The Maldives is facing its worst economic crisis in recent memory, the governor of the country’s central bank said earlier this week.
“The Maldives is now in a dangerous economic situation never before seen in recent history,” local media reported Governor of the Maldives Monetary Authority (MMA), Dr Fazeel Najeeb, as saying during a ‘Finance Forum’ held by the Pension Administration office on Bandos Island Resort.
“Expenditure in the country has exceeded income, and as a result the budget deficit is increasing. From November 2010 inflation has also been going up,” he said.
The country last year spent 63.1 percent of its GDP on state expenses, Dr Najeeb claimed, adding that only four countries had worse percentages, including Cuba and Zimbabwe.
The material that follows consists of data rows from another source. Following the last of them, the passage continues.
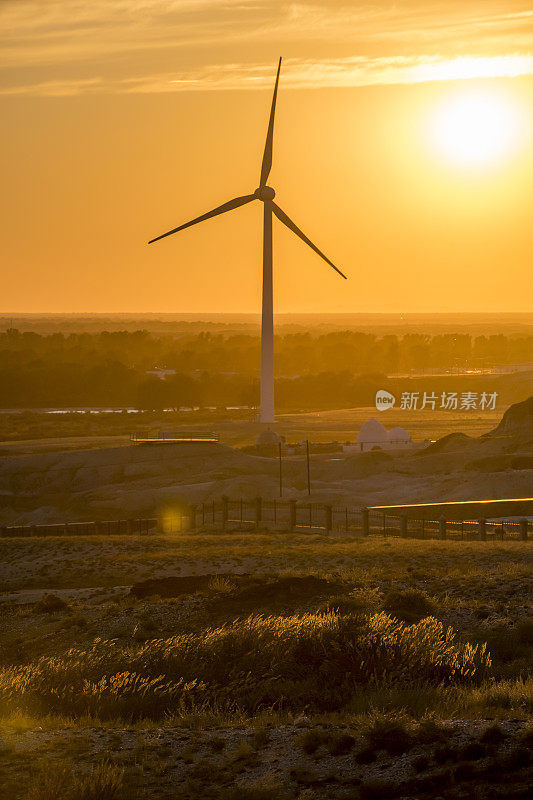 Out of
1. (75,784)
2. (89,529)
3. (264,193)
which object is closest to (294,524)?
(89,529)

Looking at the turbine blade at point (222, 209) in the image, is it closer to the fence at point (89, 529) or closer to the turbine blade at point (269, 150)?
the turbine blade at point (269, 150)

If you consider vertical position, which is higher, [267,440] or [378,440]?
[267,440]

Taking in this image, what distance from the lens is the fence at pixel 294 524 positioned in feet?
151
Parliament’s Finance Committee revealed earlier this month that expected revenue for 2012 had plunged 23 percent – a shortfall of US$168.6 million, leaving the country with a budget deficit of 27 percent. Key unaccounted losses include up to US$135 million in land lease payments due to policy reinterpretation, and around US$8 million a quarter in airport concession fees due to a Civil Court ruling blocking the levying of an airport development charge.
Government spending for the year has meanwhile increased by almost 24 percent, to a total of US$1.13 billion. Spending unaccounted for in the 2012 budget following the controversial change of government of February 7 has included the promotion of a third of the police force, lump sum payments to military personnel, US$6.5 million in fishing subsidies, reimbursement of US$28.8 in civil servant salaries following cuts by the previous administration, the creation of two new ministries, and the hiring of international PR firms to counter negative publicity.
President Dr Mohamed Waheed Hassan meanwhile reported this week that India had granted the Maldives a US$25 million increase in credit facility, on top of a US$100 million facility extended in November 2011.
Figures from the MMA’s monthly economic review in April show projected GDP growth of 5.5 percent this year, down from 7.5 percent last year, but are drawn from the 2012 budget and do not account for the increase in expenditure highlighted by the Finance Committee.
However, “key indicators of the tourism sector showed declines as tourist arrivals fell in both monthly and annual terms during the month of March 2012. The decrease in arrivals mainly came from China although arrivals from Europe were also slightly lower,” the MMA noted, observing that tourist bed nights also declined.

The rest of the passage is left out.